- [What the task requires]: How many lines of the listing below contain "with"? State the number alone.

━━━━━━━━━━━━━━━━

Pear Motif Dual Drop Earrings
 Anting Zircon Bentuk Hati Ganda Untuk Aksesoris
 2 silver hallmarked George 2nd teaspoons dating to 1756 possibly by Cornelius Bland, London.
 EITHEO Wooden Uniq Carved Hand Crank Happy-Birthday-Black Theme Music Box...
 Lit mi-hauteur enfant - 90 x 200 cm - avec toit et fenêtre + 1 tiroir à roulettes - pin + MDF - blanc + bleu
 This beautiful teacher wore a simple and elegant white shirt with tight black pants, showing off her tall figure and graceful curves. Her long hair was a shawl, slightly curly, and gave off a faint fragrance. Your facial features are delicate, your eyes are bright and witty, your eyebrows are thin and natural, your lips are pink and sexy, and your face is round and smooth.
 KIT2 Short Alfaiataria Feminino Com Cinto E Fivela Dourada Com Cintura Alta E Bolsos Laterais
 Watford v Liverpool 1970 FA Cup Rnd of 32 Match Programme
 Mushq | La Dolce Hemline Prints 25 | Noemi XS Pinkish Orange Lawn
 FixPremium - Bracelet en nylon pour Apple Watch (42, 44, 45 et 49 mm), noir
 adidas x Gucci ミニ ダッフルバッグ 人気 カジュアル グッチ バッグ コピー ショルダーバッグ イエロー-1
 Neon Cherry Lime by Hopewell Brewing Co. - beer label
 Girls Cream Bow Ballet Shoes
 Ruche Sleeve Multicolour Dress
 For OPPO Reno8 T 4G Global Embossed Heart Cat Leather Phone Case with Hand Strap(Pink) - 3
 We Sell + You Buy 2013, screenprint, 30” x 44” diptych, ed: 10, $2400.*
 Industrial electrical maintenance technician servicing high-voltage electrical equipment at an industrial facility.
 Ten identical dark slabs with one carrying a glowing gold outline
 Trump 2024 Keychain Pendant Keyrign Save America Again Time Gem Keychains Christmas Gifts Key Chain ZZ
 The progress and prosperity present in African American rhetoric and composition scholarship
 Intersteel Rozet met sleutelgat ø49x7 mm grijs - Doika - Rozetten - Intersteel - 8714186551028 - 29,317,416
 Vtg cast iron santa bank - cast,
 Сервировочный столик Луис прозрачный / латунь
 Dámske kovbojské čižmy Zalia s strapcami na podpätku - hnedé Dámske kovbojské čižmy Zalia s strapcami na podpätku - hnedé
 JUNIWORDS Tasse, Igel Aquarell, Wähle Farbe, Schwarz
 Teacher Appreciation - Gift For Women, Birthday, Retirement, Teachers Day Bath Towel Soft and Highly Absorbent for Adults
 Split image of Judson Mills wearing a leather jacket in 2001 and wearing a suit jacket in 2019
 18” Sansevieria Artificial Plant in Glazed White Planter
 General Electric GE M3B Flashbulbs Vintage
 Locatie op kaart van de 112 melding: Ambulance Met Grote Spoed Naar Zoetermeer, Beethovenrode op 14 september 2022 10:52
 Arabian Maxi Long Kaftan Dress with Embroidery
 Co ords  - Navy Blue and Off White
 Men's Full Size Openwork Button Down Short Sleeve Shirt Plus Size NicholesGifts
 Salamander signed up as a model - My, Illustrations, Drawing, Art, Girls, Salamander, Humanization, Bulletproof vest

━━━━━━━━━━━━━━━━

- [Task response]: 4